Premier arrêt: le cimetière de Ticonderoga où on admirait les pierres tombales de colons américains. Tâche difficile puisque plusieurs des pierres, et non que les plus anciennes, étaient érodées par le temps et les éléments. Il est intéressant à noter que plusieurs des premiers colons américains arrivés dans cette région étaient des vétérans de la guerre de Sept Ans, installés ici sans savoir que les terres appartenaient d'abord aux seigneurs canadiens. (À ce sujet, voir mon article « Entre revendication et résignation : Les seigneuries du lac Champlain et la frontière new-yorkaise, 1763-1783 » dans Benoît Grenier et Michel Morissette, dir. Nouveaux regards en histoire seigneuriale au Québec. Québec, Septentrion, 2016. pp. 61-91.)

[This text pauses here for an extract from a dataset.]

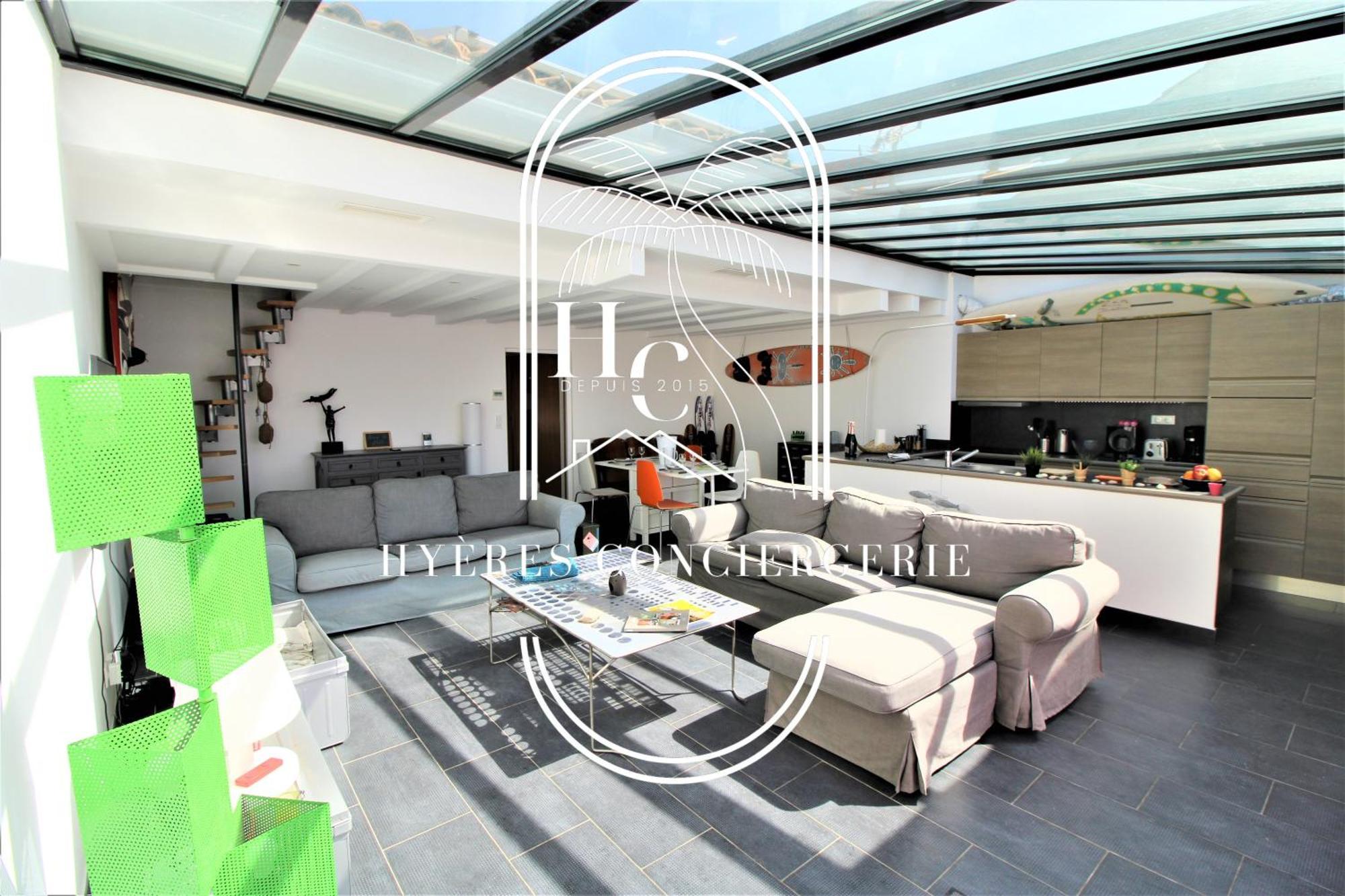 Maison Sur L'eau-hyeres-almanarre-parkings Clim Wifi By Hc Villa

Charles Keck, 1924: "To commemorate the
successive struggles in and about Ticonderoga by the Indian - French - Englishand American nations" |
Pour les
deux prochains soirs, nous logions au Circle Court Motel. Il s'agissait d'un
des endroits les moins chers où rester à Ticonderoga. La plupart des autres
hôtels chargeaient des prix au-dessus de 200$ par nuit. (À noter que ces prix
baissent souvent de moitié l'automne arrivé). Au milieu du rond-point en face
du motel se dresse une superbe statue dédiée « À commémorer les luttes
successives à et autour de Ticonderoga par les nations indienne, française,
anglaise et américaine. »
Le
lendemain, ce fut le plaisir de retrouver ce cher fort Carillon, où Montcalm y
gagna sa plus brillante victoire en Amérique. Cette année, toutefois,
l'organisation du fort soulignait l'an 1777 et la Révolution américaine. Il est
à noter que le fort alterne chaque année entre une année de la guerre de Sept
Ans et une année de la guerre d'Indépendance américaine, question de bien
représenter les deux périodes et en offrant une nouvelle expérience aux
visiteurs qui reviennent.
L'exposition
sur l'artillerie ne nous a certainement pas laissé sur notre faim! Intitulée
« The Last Argument of Kings: The Art and Science of 18th-century
Artillery », le montage exhibait les plus belles pièces d'artillerie des
collections du fort. D'ailleurs, il fut intéressant de découvrir qu'en ce
moment, le fort contient plus de canons qu'à n'importe époque précédente grâce
aux nombreuses acquisitions au fil des années.
Plusieurs
des pièces avaient toute une histoire qui leur était rattachée, en particulier un
mortier fendu (voir la légende dans l'image). Outre les divers modèles de canon
présentés, on y retrouvait des reproductions d'iconographie tirées de divers
mémoires d'artillerie, dont de Saint-Remy. Bref, la visite fut très agréable et
instructive.
Et comment
ne pas terminer notre passage à Ticonderoga sans gravir le Mont Défiance juste
en face du fort? (Dis-je en l'ayant raté lors de mes trois dernières visites au
fort…) Et quelle vue spectaculaire! Il faut vraiment se demander toutefois ce
que Michel Chartier de Lotbinière pensait lorsqu'il choisit l'endroit pour
construire le fort Carillon en 1755… Comme l'Histoire le démontrerait, le mont
Défiance (appelé le Pain-de-Sucre par les Français) et sa position élevée en
faisait l'endroit parfait d'où viser son artillerie sur le fort…
Un repos
bien mérité sur une plage du lac George (anciennement le lac Saint-Sacrement)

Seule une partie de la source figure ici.